Hi. Firstly I am so very sorry for your loss. I can comprend your pain but I can also not. My husband died last year, away from home, alone in a hotel. We had our little daughter only 6 weeks before and it was supossed to be the happiest time in our life, christmas etc was going to be fantastic. He's gone and now like you we have to raise our babies by ourselves - not the plan at all. My daughter will be 1 on the 18th, the 19th would have been our 9yr wedding anniversary, it's going to be a couple of difficult days. Steffy, I know it is easier said than done, but take comfort in your child. It is only thanks to my gorgeous daughter that I have made it this far. I am sure one day it will get easier, I just don't know when that will be. All the best to you and yours on this awful journey. x

Apr 09, 2012
I'm so sorry.
by: Anonymous

Dear Steffy,

Nothing anyone can say will ease your pain. I'm so sorry for your loss. I lost the love of my life two and half months ago, and like you, all I want is to be with him again. Your son is a gift and a part of him is Cody. I know you must be experiencing conflicted emotions. Nine weeks later, I'm sad, scared, depressed, and in denial from one minute to the next. But reading the posts on this site assures me that what I'm going through is what most people go through when they lose their partner. I'm also sought out professional help, and that has made things a bit more manageable.
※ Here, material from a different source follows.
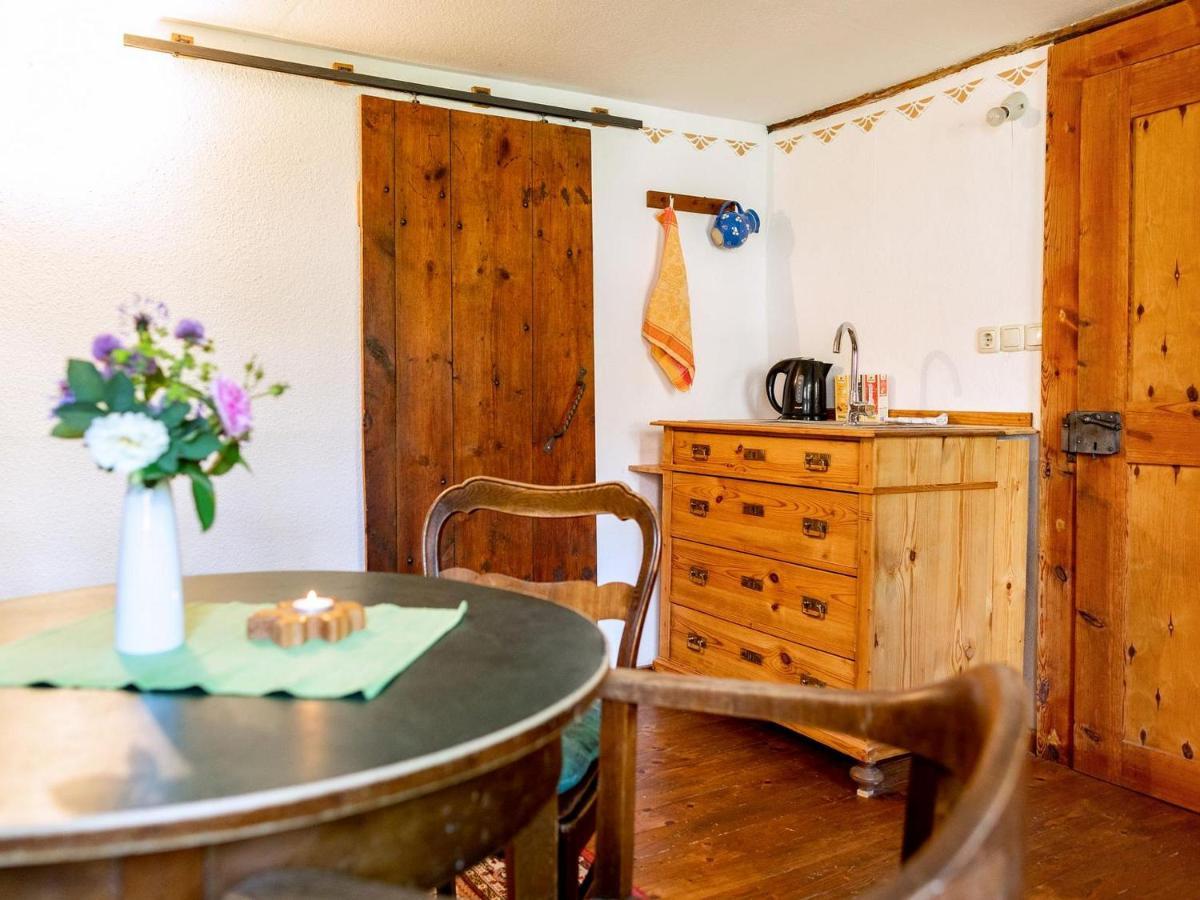 Wohnen Im Denkmal Apartment Gumperda Bagian luar foto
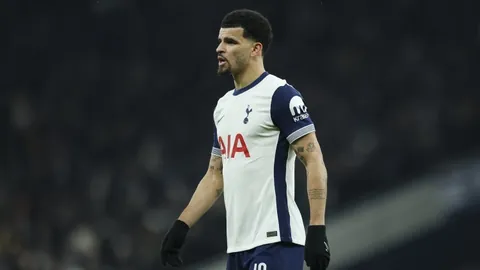 《伊戈达拉揭秘：水花兄弟革新篮球，引领潮流让全民倾心》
I know what you're going through, and all I can say is find time to be good to yourself. That's what Cody would have wanted.

All my best wishes for you and your son.

RP

Apr 08, 2012
Thank you Everyone,
by: Steffy

its just been so dificult, i cant fight back the tears the pain. I want my son to be happy but im so scared he will never be if I can not be happy. I miss Cody so much, I feel so empty so broken so alone; I like talking to others who are experiencing a loss because it makes me feel like im not alone

Apr 08, 2012
You can do this
by: Anonymous

Steffy, You can do this and you will survive. You have to be strong and take care of the child you have. Your husband wants you and his child to live on in his memory. Your child cannot lose you, your child is going to need you more than ever. Your child was brought into this world to help you survive. I lost my son, he was 29 and I thought I could not survive and there are days that I still don't want to be here. But, I know my son wants me to keep going and live my life as best I can. So, I will do that for him.
Please just get yourself through each moment and cry as much as you need to. Tears do help , Tears do heal. I hope you have friends and family that are here for you. Your child feels your love through your tears and grief.
You can do this and you will do this and someday you will look back and feel proud of yourself for getting through this horrific nightmare.
Take care of yourself as best you can at this time. You are stronger than you think.

Apr 08, 2012
You Can Do IT
by: Anonymous

I am so sorry for your pain. I lost my son two months ago and his wife is seven months pregnant with their first child. I watch closely as his wife experiences such intense pain. Who would have thought these men would never hold their children and grandchildren? Life is so unfair sometimes.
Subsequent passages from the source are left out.